El pasado 1 de abril, el Gobierno Nacional expidió el Decreto 0391, mediante el cual se establecen los lineamientos para implementar Planes de Formalización Laboral en las universidades públicas del país.
Esta medida ha sido presentada como un avance histórico en la dignificación del trabajo docente y administrativo, orientada a reducir la precarización laboral a través de mecanismos de contratación estables por carrera administrativa y concursos de méritos, conforme al artículo 125 de la Constitución Política de Colombia.
Lo que en realidad se promueve es el traslado de la carga financiera a las propias universidades públicas, sin reconocer -o ignorando de manera ingenua- el déficit estructural acumulado que asciende a $21.5 billones, según datos del Sistema Universitario Estatal.
Esta cifra refleja graves carencias en aspectos clave como el funcionamiento, la infraestructura y la calidad educativa de estas instituciones.
Vale la pena recordar que, en sus inicios, las transferencias estatales cubrían cerca del 90% del presupuesto de las universidades públicas, según lo estipulado en la Ley 30 de 1992.
La realidad es que, hoy dichas transferencias apenas alcanzan el 50%, obligando a las universidades a depender en gran medida de recursos propios, que en muchos casos resultan insuficientes para cubrir sus necesidades más básicas. (SUE, 2024).
De ahí que, la reciente intención gubernamental no represente una novedad sustancial.

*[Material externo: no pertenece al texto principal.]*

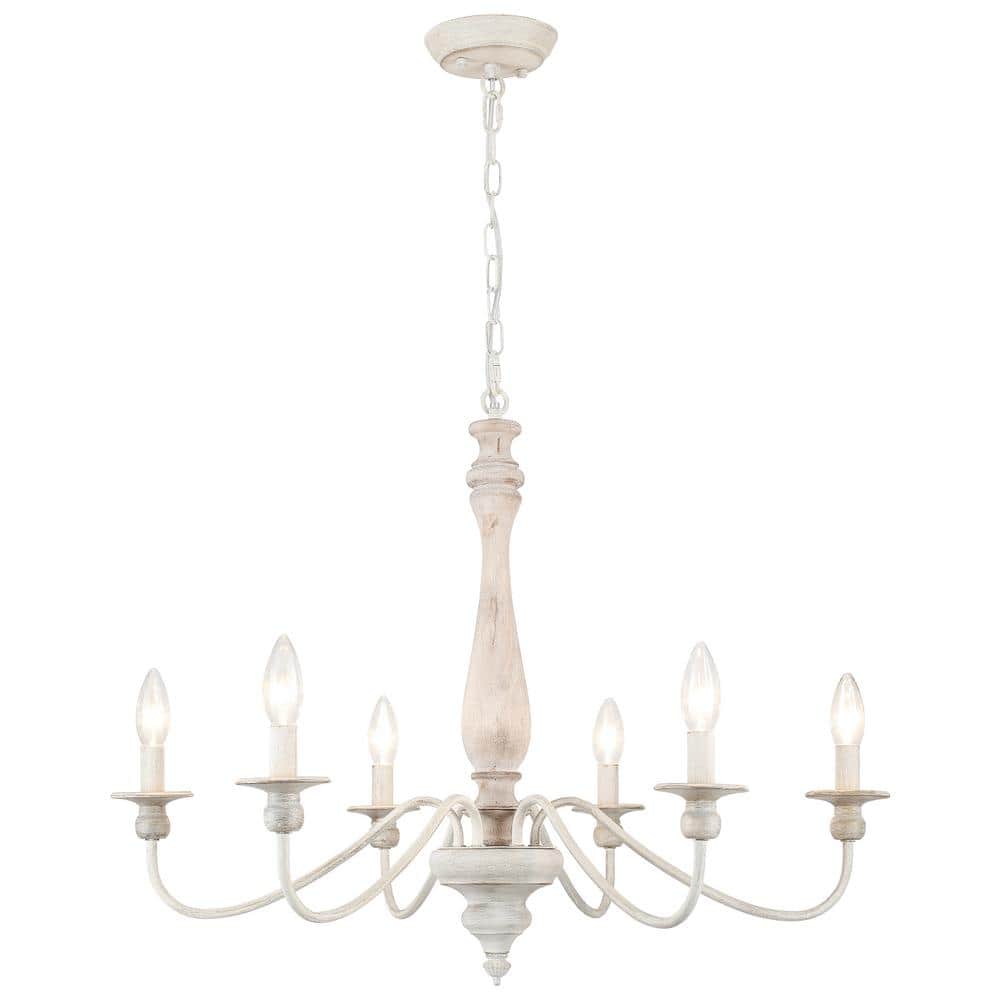 6-Light Vintage Beige Farmhouse Wood Candle Chandelier French Country Style Pendant Light price history on PriceWatchPro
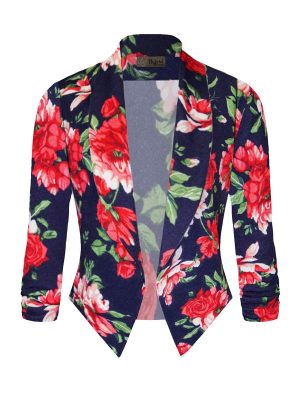 Women's Casual Work Office Blazer Jacket Open Front Shawl with 3/4 Scrunch Sleeves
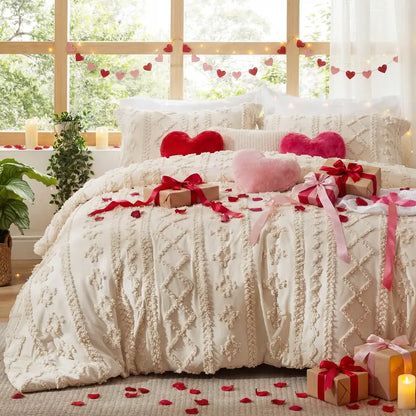 Boho Style 3 Piece Quilted Bedspread Set with Pillow Shams | Soft & Cozy Bedroom Decor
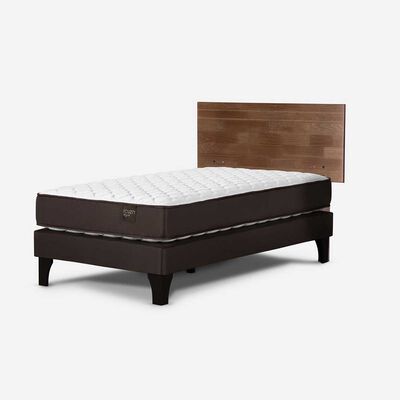 Imagen 2 del producto Cama Europea Rosen 1,5 Plazas Ergo T + Respaldo Tabor Café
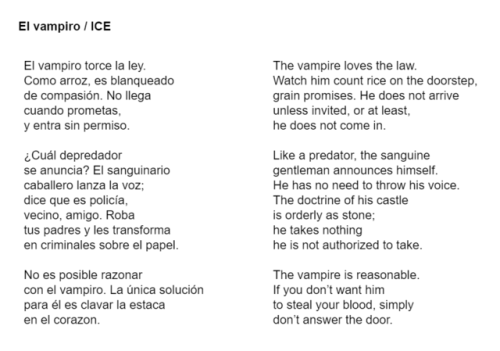 rareandradiant-maiden: ecc-poetry: El vampiro / ICE El vampiro torce la ley.Como arroz, es blanquead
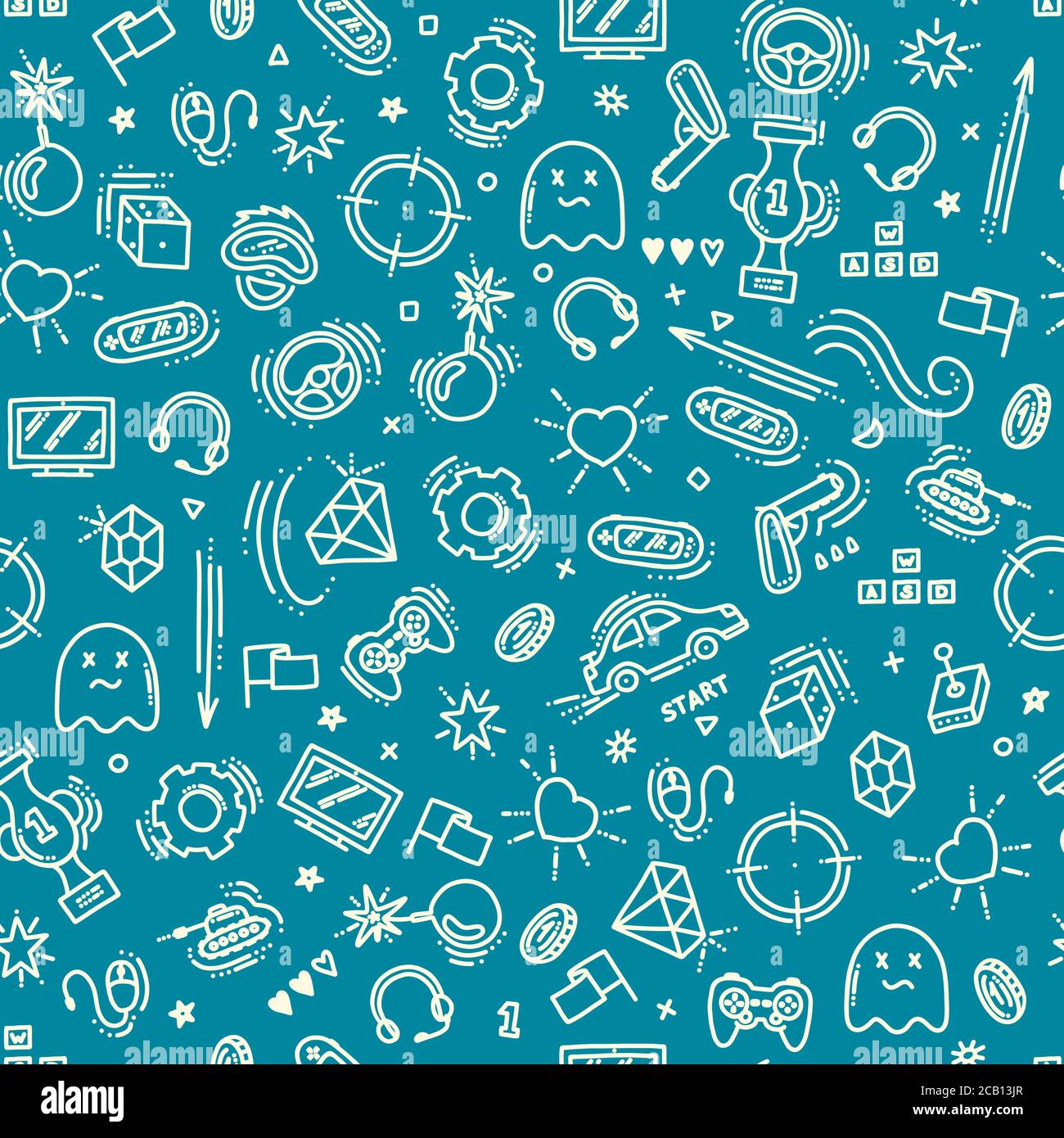 Seamless pattern of gaming objects. Virtual reality, computers, game genres and related stuff. Vector illustration in doodle style. Vector Stock Vector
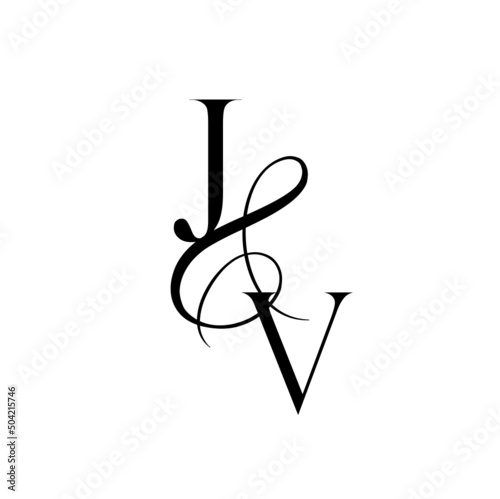 vj, jv, monogram logo. Calligraphic signature icon. Wedding Logo Monogram. modern monogram symbol. Couples logo for wedding
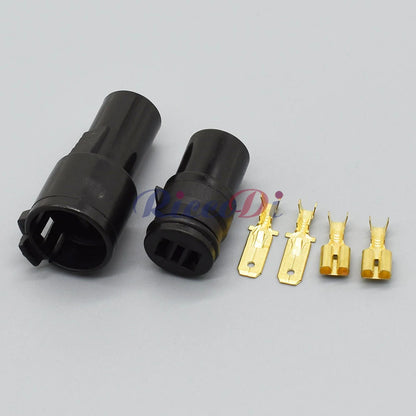 6.3mm 2 Pin Waterproof Automotive Connector Plug Socket Male Female for Car 6180-2541 / 6189-0274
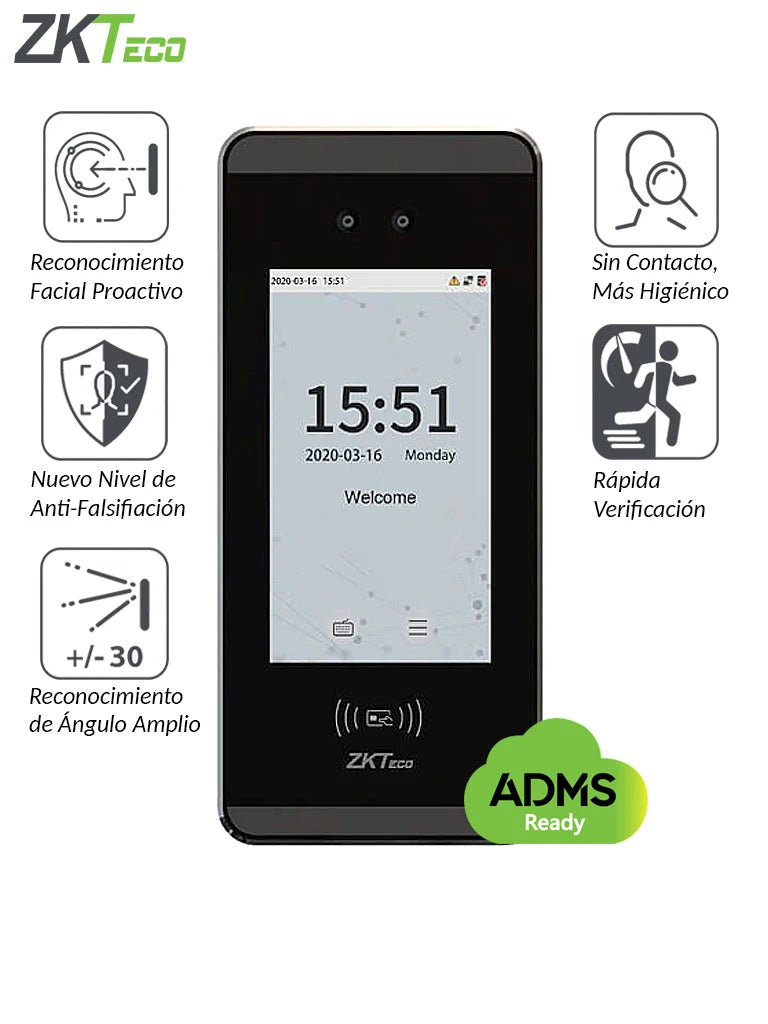 ZKTECO MINIACPLUS - CONTROL DE ACCESO Y ASISTENCIA FACIAL / 3000 ROSTROS / 3000 TARJETAS ID 125KHZ / ADMS / LICENCIA DE BIO ACCESS MTD GRATIS / #NUEVOZK-Facial-ZKTECO-Bsai Seguridad & Controles
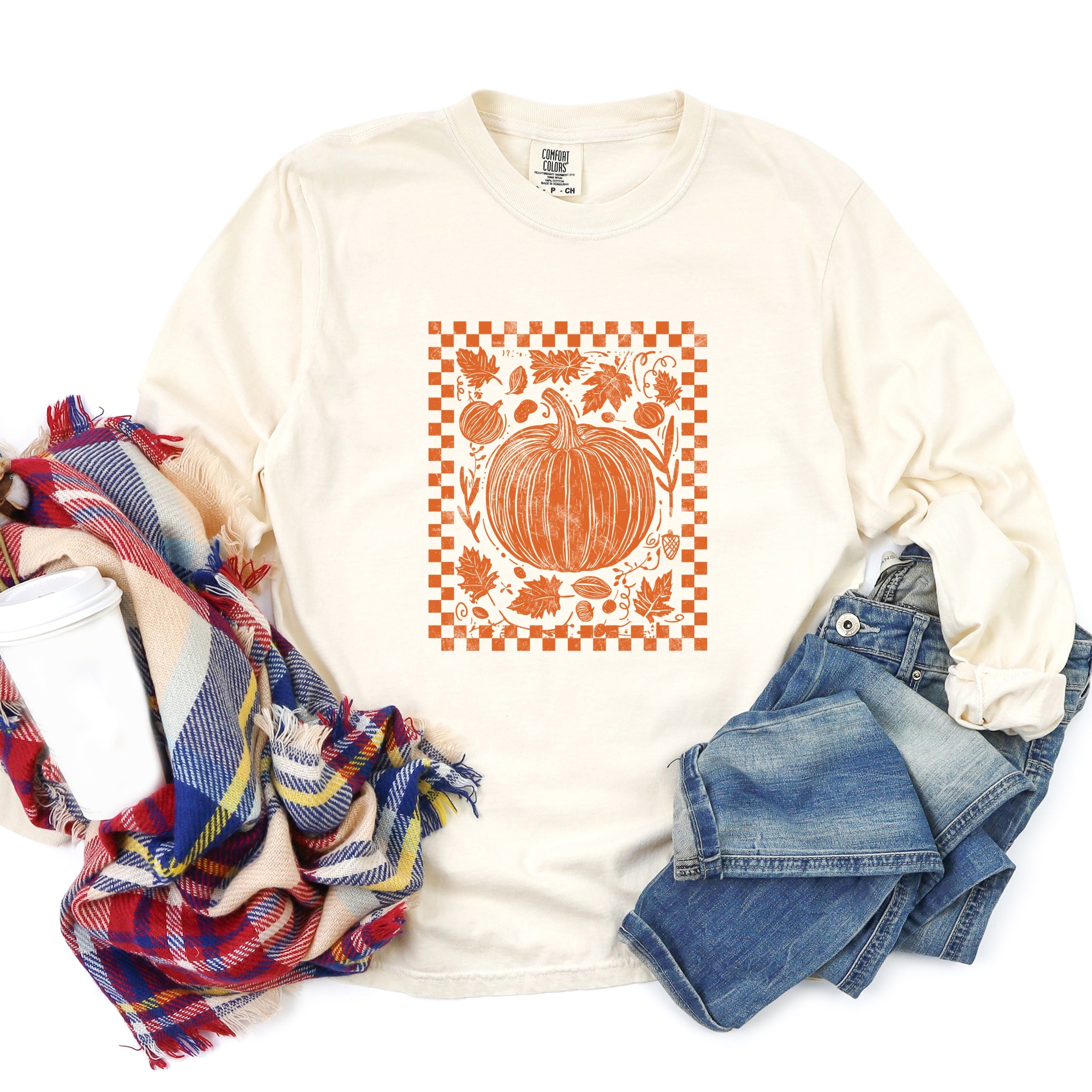 Pumpkin Checkered Distressed - Women's Garment Dyed Long Sleeve Graphic T-Shirt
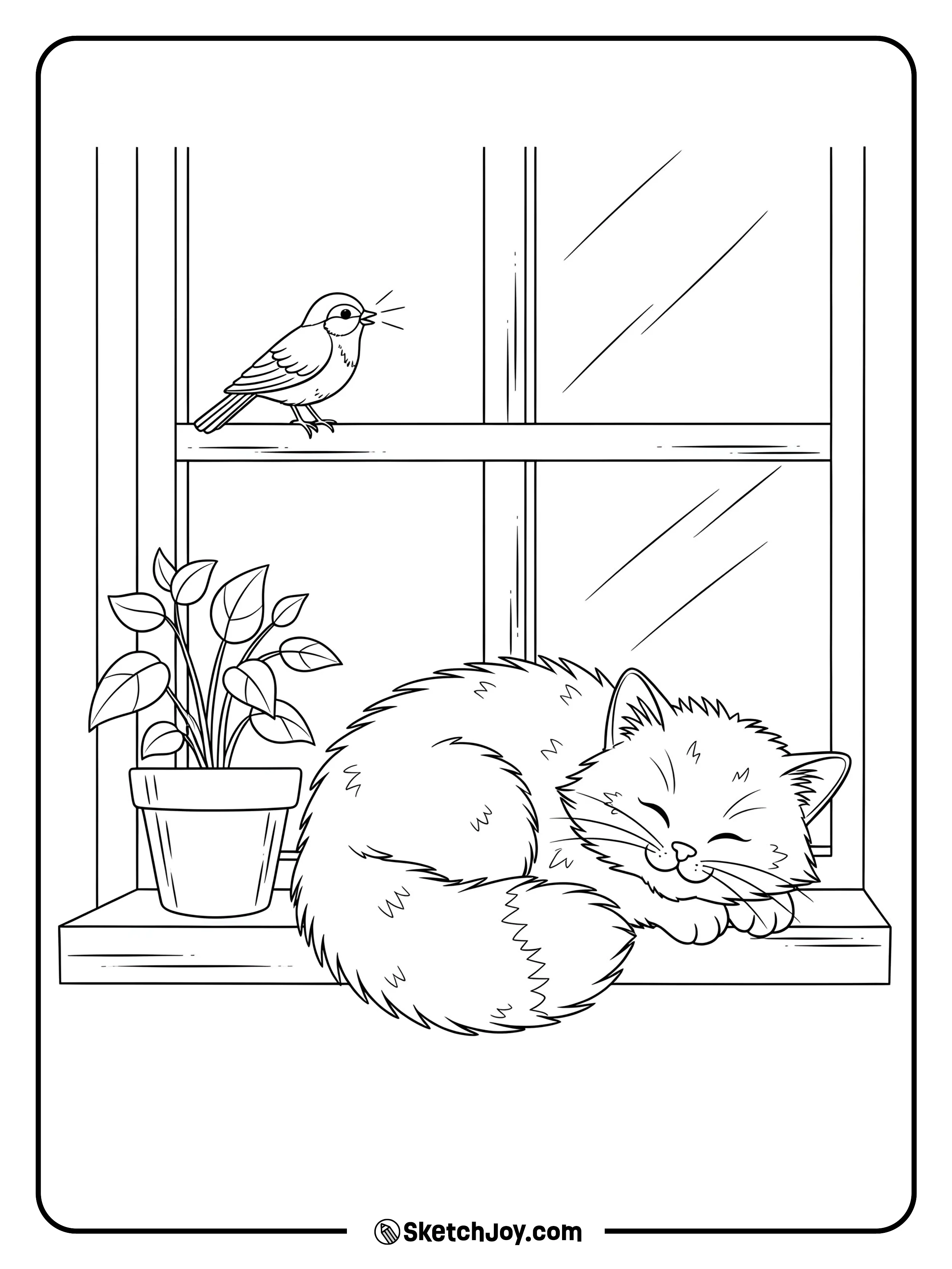 A cute cat is napping peacefully on a window sill with a calm breeze around.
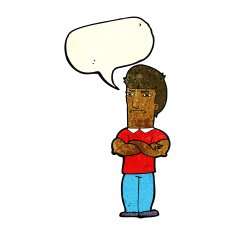 cartoon annoyed man with folded arms speech bubble N5
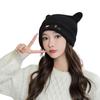 Handmade Knitted Cat Ears Hat Womens Pullover Cap Soft Woolen Colorful Beanie Cap Cute Beanies Bonnet Gift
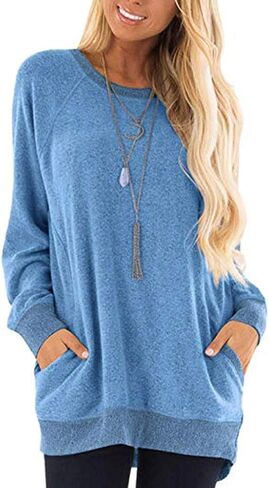 JFLYOU Blouse for Women, Color Block Long Sleeve O-Neck Pockets T-Shirts Sweatshirts Blouses Tops(Black,S) in Saudi Arabia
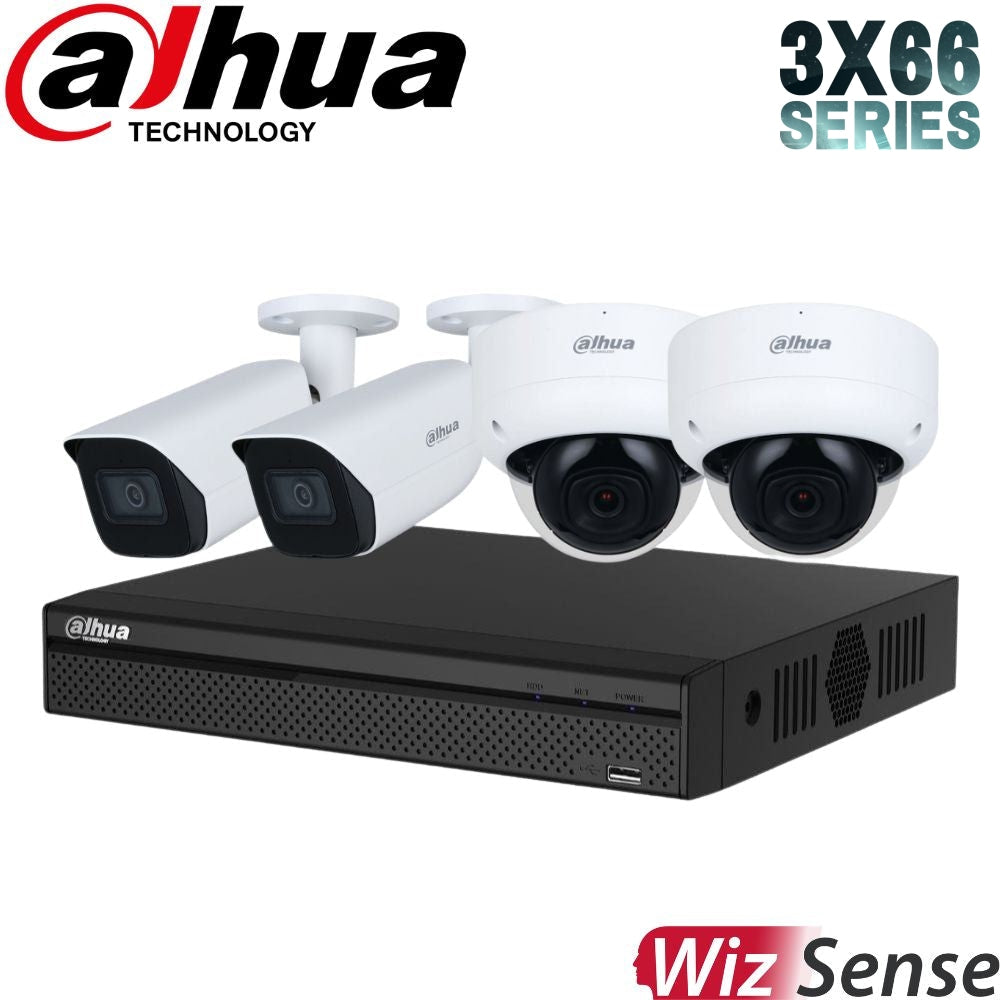 Dahua 3X66 Security System: 4CH 8MP Lite NVR, 2 x 8MP Bullet 2 x 6MP Dome, Starlight, SMD 4.0, AI SSA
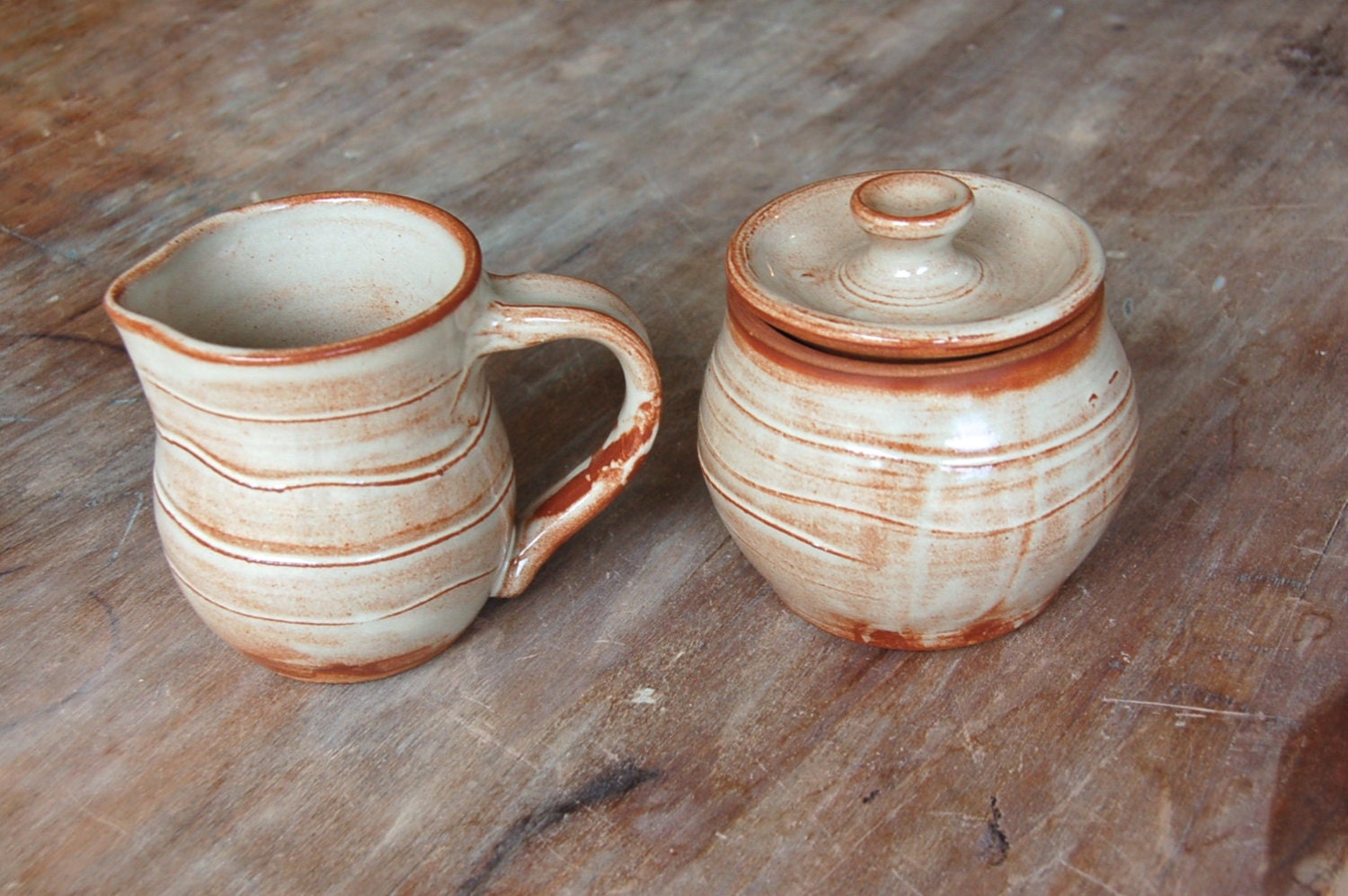 Cream and Sugar Set Handmade Pottery by JenniferBurkePottery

La dignificación laboral de los profesores ocasionales y catedráticos, así como del personal administrativo, ha sido durante décadas una preocupación constante en el ámbito académico y social. No obstante, esta demanda histórica no ha logrado consolidarse como una prioridad política en el país. Ya en el 2017, durante el II Foro sobre Sostenibilidad Financiera en la Universidad de Caldas, este problema fue ampliamente debatido y respaldado por actores clave de la academia, el Gobierno y el Congreso.
El foro culminó con la Declaración Final de Compromisarios, un manifiesto en defensa de la educación superior pública como derecho humano y bien común, en el que se estableció un plan de acción orientado a garantizar su sostenibilidad (Universidad de Caldas, 2017).
A pesar de estos compromisos, los avances han sido limitados y la carga financiera continúa recayendo sobre las universidades, sin una respuesta estructural desde el Estado.
Conviene reconocer que el enfoque de la educación superior en Colombia ha estado dominado por una visión funcionalista que distorsiona el sentido de la universidad pública en el marco del modelo de Estado instaurado desde los años 90.
Al privilegiar la racionalidad económica sobre los principios sociales y culturales, este enfoque ha contribuido a una profunda crisis de institucionalidad y legitimidad. En consecuencia, la política social del Estado ha relegado la educación superior pública a un papel residual.
Las leyes 30 de 1992 y 112 del 2011 refuerzan esta perspectiva reduccionista, al ignorar las tensiones y complejidades propias de la universidad como espacio de conocimiento, ciudadanía y democracia. Como señala Fleury (2000), una visión unidimensional empobrece el análisis de las políticas sociales e invisibiliza sus efectos.
Cabe retomar la propuesta de referendo aprobatorio planteada en el II Foro sobre Sostenibilidad Financiera (2017), como mecanismo legítimo para reconocer el derecho fundamental de la educación superior. Este paso permitiría transformar su acceso, financiamiento y gobernanza en medio de la actual fragilidad institucional.
Así, surge una pregunta necesaria: ¿puede un decreto que traslada la carga financiera a las universidades, sin resolver su déficit estructural, representar un verdadero avance en la dignificación laboral y el derecho a la educación superior?